§ **Description of the task**: The span to repeat in the listing below runs from the line containing "Pre-Owned 9ct Yellow" to the line containing "Pure Cotton - Semi-Spread", inclusive. Repeat it exactly, and only it.

§ **Records for the exercise**:

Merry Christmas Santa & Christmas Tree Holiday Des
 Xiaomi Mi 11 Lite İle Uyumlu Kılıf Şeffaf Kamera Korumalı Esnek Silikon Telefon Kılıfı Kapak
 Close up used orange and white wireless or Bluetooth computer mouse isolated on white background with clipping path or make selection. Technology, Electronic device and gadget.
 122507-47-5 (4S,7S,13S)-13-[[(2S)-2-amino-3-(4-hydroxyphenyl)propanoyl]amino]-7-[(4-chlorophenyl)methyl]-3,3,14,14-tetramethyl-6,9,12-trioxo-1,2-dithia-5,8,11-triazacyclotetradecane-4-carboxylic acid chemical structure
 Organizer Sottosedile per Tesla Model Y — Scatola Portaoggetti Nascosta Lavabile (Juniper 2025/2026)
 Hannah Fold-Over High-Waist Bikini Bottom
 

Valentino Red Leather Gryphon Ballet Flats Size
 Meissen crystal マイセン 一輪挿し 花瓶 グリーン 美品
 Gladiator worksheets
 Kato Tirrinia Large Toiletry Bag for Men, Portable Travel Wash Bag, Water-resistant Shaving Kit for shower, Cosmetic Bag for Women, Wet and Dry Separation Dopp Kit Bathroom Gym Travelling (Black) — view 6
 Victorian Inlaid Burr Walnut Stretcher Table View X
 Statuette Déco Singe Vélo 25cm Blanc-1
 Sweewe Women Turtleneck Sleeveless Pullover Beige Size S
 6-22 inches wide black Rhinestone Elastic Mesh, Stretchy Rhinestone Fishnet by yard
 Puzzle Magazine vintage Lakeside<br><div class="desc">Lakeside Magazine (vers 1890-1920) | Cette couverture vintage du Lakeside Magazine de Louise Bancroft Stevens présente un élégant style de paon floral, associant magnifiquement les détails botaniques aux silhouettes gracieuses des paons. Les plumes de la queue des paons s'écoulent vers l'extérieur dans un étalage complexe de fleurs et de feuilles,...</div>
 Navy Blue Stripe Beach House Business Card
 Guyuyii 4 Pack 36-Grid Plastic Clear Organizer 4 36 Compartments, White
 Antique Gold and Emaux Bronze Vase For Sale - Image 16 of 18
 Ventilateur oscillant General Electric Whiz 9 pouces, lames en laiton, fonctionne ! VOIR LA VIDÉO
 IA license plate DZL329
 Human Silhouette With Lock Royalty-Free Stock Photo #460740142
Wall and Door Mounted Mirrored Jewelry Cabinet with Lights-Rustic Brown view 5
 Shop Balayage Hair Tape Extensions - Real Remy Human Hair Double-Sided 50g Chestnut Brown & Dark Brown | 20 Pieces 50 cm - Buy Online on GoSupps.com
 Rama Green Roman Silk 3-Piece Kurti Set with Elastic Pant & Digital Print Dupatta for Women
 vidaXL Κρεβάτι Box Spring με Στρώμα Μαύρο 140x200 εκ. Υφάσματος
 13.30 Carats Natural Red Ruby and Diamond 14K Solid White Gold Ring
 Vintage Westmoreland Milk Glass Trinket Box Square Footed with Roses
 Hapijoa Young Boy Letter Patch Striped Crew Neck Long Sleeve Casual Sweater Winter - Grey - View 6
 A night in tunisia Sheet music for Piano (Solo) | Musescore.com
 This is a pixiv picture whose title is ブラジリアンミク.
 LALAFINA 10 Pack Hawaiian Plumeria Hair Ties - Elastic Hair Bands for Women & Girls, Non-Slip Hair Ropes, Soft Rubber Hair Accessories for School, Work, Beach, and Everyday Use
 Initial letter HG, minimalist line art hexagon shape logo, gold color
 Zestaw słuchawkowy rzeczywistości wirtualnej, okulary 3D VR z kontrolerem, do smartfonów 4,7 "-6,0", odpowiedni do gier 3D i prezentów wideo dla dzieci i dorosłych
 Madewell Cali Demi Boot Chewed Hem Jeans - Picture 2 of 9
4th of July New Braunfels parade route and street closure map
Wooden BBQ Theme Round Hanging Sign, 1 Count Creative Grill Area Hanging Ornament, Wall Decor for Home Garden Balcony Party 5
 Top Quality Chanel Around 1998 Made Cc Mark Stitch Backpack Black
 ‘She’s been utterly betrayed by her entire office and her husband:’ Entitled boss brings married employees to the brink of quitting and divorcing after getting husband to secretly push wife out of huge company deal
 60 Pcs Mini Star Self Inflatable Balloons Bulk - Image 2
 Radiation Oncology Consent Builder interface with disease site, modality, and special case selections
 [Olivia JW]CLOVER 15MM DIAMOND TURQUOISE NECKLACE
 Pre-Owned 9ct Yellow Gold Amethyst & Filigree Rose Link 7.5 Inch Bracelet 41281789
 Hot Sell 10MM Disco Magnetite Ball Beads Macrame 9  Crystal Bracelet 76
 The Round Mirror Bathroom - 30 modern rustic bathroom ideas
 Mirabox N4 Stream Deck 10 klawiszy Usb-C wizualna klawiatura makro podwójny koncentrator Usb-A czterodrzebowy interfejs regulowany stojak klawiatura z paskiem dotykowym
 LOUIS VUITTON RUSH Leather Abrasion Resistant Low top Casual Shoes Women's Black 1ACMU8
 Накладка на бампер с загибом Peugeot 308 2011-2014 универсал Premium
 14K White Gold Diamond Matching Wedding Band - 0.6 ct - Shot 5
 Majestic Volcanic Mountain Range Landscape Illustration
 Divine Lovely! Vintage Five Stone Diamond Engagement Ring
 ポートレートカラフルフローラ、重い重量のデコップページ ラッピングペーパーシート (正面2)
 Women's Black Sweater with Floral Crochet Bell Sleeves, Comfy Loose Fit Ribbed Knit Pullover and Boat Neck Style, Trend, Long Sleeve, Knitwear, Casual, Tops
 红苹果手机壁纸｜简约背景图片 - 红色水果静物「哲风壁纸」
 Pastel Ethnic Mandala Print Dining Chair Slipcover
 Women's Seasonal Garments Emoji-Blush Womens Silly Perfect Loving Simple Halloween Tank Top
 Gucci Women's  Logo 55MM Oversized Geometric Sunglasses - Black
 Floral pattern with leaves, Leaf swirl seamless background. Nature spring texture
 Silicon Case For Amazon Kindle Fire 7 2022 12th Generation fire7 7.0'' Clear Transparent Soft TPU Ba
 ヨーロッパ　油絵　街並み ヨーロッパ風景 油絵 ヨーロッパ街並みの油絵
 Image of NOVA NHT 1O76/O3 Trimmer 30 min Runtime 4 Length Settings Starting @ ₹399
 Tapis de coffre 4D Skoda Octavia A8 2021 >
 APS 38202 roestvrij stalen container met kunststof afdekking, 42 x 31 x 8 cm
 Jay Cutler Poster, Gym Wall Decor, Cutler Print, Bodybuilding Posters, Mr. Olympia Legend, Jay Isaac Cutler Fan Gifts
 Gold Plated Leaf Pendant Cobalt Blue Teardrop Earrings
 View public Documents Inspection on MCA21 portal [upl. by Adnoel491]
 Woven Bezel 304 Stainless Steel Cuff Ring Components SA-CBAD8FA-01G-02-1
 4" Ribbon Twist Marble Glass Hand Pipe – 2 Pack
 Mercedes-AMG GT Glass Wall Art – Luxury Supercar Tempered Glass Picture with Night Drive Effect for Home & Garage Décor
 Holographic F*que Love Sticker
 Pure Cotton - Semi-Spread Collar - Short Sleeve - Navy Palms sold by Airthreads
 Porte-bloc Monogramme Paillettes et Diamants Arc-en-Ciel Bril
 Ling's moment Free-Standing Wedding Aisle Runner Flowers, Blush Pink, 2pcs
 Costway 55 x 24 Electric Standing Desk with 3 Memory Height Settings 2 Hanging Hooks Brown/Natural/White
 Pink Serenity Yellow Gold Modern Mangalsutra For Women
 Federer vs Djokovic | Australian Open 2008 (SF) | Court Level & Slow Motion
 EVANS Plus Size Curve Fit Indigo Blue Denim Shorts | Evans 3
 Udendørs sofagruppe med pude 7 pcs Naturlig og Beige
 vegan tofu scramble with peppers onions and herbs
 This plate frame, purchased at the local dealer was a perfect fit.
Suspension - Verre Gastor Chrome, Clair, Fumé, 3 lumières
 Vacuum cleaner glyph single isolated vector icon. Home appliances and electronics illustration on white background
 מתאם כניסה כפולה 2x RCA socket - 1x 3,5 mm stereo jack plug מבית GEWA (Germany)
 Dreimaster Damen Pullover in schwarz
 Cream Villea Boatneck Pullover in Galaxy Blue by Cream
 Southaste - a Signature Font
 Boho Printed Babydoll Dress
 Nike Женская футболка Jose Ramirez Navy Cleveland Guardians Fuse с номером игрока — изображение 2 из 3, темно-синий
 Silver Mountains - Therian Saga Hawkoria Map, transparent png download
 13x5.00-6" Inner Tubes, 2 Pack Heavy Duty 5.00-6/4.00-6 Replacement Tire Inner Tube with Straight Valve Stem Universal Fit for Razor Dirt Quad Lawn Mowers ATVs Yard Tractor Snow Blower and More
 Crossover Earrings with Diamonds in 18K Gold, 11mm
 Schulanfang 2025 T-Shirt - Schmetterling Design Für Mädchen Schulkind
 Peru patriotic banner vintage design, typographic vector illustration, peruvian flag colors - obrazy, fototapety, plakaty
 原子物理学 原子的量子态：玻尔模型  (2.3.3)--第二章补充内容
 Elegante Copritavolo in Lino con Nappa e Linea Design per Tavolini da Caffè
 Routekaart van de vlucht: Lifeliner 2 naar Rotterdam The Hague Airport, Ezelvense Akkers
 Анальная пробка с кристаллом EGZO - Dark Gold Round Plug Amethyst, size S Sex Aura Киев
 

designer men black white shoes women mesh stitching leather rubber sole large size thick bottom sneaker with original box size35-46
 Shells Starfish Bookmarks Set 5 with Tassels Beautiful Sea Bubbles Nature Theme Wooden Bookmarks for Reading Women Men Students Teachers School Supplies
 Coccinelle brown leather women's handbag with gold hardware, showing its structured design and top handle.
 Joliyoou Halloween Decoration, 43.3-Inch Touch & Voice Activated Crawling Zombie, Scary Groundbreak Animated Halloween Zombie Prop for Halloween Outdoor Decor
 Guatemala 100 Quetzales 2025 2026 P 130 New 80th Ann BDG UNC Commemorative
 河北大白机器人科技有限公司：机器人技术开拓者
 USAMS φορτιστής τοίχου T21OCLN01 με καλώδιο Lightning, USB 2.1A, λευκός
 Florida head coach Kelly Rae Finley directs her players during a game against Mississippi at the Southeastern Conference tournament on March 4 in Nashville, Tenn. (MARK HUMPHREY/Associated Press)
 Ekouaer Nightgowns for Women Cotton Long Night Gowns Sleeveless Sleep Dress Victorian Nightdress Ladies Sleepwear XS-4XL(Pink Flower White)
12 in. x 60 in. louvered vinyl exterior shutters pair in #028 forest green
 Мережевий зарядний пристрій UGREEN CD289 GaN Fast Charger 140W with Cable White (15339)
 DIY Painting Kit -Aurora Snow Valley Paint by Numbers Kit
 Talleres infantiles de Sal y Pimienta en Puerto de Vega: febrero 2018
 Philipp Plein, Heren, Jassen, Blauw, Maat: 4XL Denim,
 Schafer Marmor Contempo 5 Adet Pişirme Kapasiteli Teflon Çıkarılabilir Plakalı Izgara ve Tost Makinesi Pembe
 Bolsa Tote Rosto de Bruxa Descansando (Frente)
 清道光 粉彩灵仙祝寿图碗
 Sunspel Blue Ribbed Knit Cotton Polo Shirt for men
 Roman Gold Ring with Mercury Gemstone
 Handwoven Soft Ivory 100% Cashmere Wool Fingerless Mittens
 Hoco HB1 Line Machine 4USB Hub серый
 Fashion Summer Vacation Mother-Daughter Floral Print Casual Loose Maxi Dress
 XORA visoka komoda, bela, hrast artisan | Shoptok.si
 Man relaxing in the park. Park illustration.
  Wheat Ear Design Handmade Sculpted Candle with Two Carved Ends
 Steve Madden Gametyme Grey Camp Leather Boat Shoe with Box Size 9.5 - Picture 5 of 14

§ **Task output**:
 Pre-Owned 9ct Yellow Gold Amethyst & Filigree Rose Link 7.5 Inch Bracelet 41281789
 Hot Sell 10MM Disco Magnetite Ball Beads Macrame 9  Crystal Bracelet 76
 The Round Mirror Bathroom - 30 modern rustic bathroom ideas
 Mirabox N4 Stream Deck 10 klawiszy Usb-C wizualna klawiatura makro podwójny koncentrator Usb-A czterodrzebowy interfejs regulowany stojak klawiatura z paskiem dotykowym
 LOUIS VUITTON RUSH Leather Abrasion Resistant Low top Casual Shoes Women's Black 1ACMU8
 Накладка на бампер с загибом Peugeot 308 2011-2014 универсал Premium
 14K White Gold Diamond Matching Wedding Band - 0.6 ct - Shot 5
 Majestic Volcanic Mountain Range Landscape Illustration
 Divine Lovely! Vintage Five Stone Diamond Engagement Ring
 ポートレートカラフルフローラ、重い重量のデコップページ ラッピングペーパーシート (正面2)
 Women's Black Sweater with Floral Crochet Bell Sleeves, Comfy Loose Fit Ribbed Knit Pullover and Boat Neck Style, Trend, Long Sleeve, Knitwear, Casual, Tops
 红苹果手机壁纸｜简约背景图片 - 红色水果静物「哲风壁纸」
 Pastel Ethnic Mandala Print Dining Chair Slipcover
 Women's Seasonal Garments Emoji-Blush Womens Silly Perfect Loving Simple Halloween Tank Top
 Gucci Women's  Logo 55MM Oversized Geometric Sunglasses - Black
 Floral pattern with leaves, Leaf swirl seamless background. Nature spring texture
 Silicon Case For Amazon Kindle Fire 7 2022 12th Generation fire7 7.0'' Clear Transparent Soft TPU Ba
 ヨーロッパ　油絵　街並み ヨーロッパ風景 油絵 ヨーロッパ街並みの油絵
 Image of NOVA NHT 1O76/O3 Trimmer 30 min Runtime 4 Length Settings Starting @ ₹399
 Tapis de coffre 4D Skoda Octavia A8 2021 >
 APS 38202 roestvrij stalen container met kunststof afdekking, 42 x 31 x 8 cm
 Jay Cutler Poster, Gym Wall Decor, Cutler Print, Bodybuilding Posters, Mr. Olympia Legend, Jay Isaac Cutler Fan Gifts
 Gold Plated Leaf Pendant Cobalt Blue Teardrop Earrings
 View public Documents Inspection on MCA21 portal [upl. by Adnoel491]
 Woven Bezel 304 Stainless Steel Cuff Ring Components SA-CBAD8FA-01G-02-1
 4" Ribbon Twist Marble Glass Hand Pipe – 2 Pack
 Mercedes-AMG GT Glass Wall Art – Luxury Supercar Tempered Glass Picture with Night Drive Effect for Home & Garage Décor
 Holographic F*que Love Sticker
 Pure Cotton - Semi-Spread Collar - Short Sleeve - Navy Palms sold by Airthreads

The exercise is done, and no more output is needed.